Many of the major industries in Australia are oligopolies/oligopsonies. Examples include banking, telecoms, supermarkets, insurance and iron ore. The dominant firms in these markets have been accused of exploiting their market power, both in charging high prices to consumers and driving down the prices paid to suppliers. The result, it is claimed, is that they have been making excessive profits.

But things may be changing. With the rise of online trading, barriers to entry in these markets have been falling. Many of the new entrants are established firms in other countries and hence already have economies of scale.

The first article below examines the challenge to established oligopolists in Australia.

Articles and blogs
The death of the oligopoly: Australia’s incumbents face new rivals Financial Review (Australia), Michael Smith (21/4/15)
Australian Oligopolies The Grapevine, Adam Dimech (27/12/14)

Paper
Breaking up Australia’s oligopolies Ashurst Australia (14/8/13)

Questions

  1. Find out which are the major firms in Australia in the five industries identified above.
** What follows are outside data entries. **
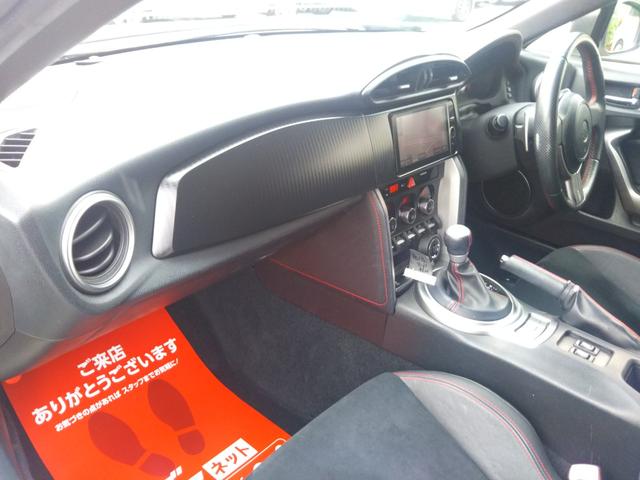 ＧＴリミテッド　エアロ　メモリーナビ・フルセグ・ＣＤ／ＤＶＤ・Ｂｌｕｅｔｏｏｔｈ・バックカメラ・ドラレコ・ＥＴＣ・シートヒーター・レイズ１８インチホイール・ＨＩＤライト・フォグ・オートライト・パドルシフト（画像8）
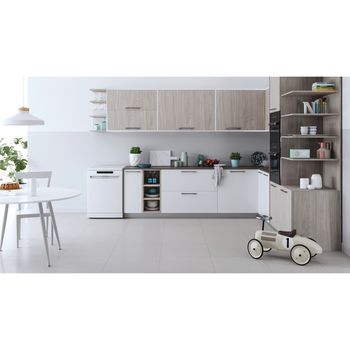 Indesit-Dishwasher-Freestanding-DFC-2C24-UK-Freestanding-E-Lifestyle-frontal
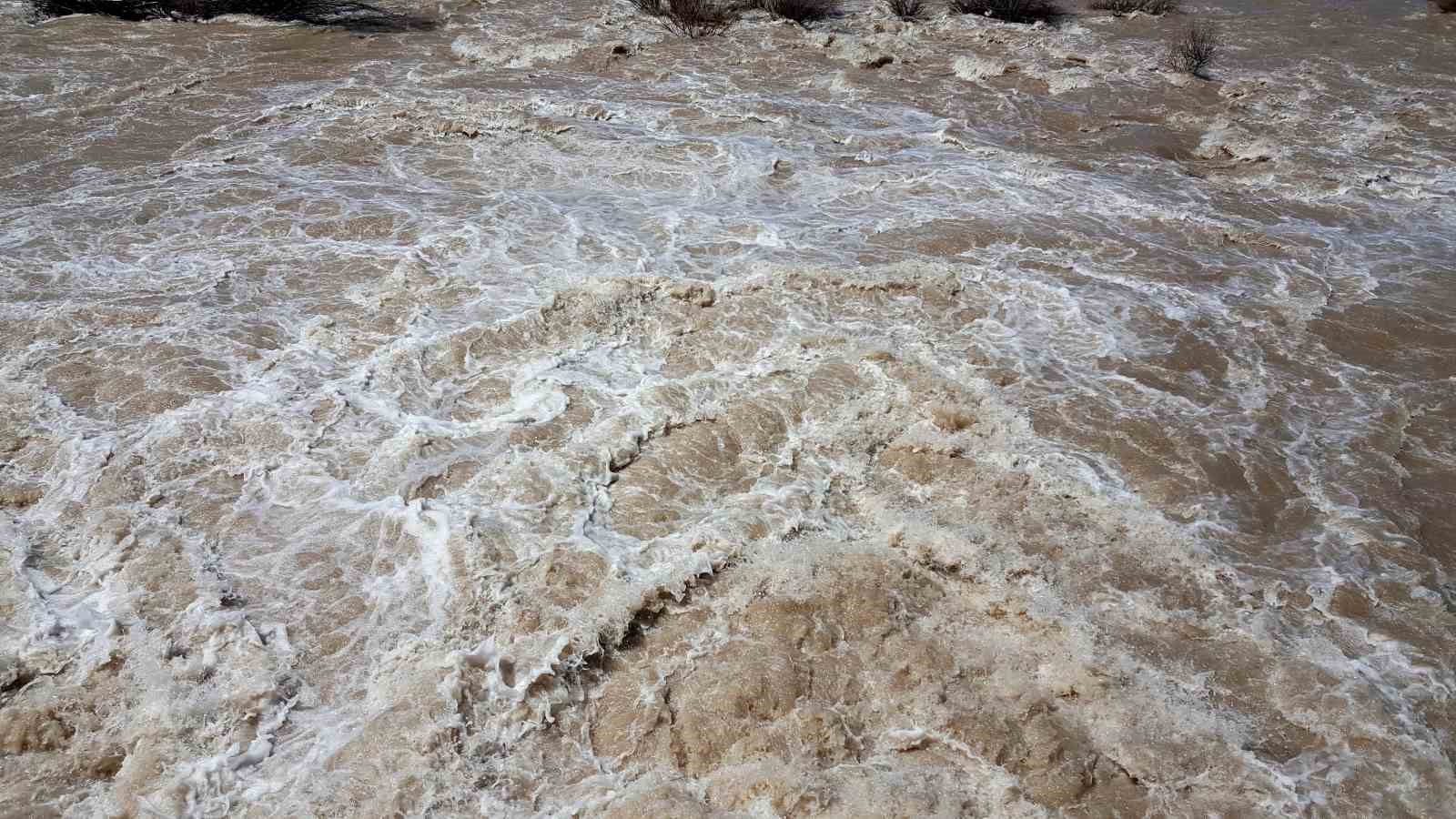 Doğu’da kar suları nehirleri coşturdu, barajlar doldu
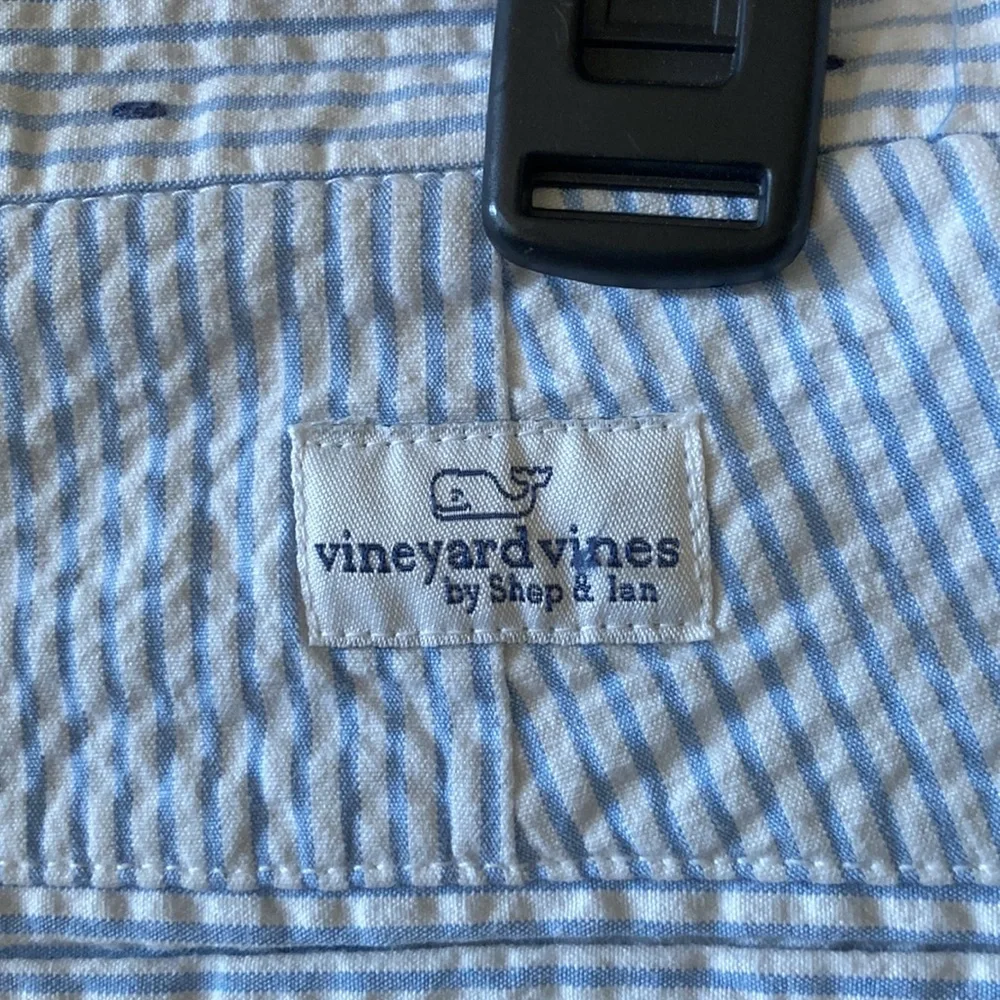 Vineyard Vines classic seersucker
What is their market share and how has this been changing?
  2. What barriers to entry exist in each of these industries in Australia? To what extent have they been declining?
  3. What can new entrants do to overcome the barriers to entry?
  4. What technological developments allow other companies to challenge Foxtel’s pay television monopoly?
  5. To what extent are developments in the supermarket industry in Australia similar to those in the UK?
  6. To what extent does Australia benefit from increased globalisation?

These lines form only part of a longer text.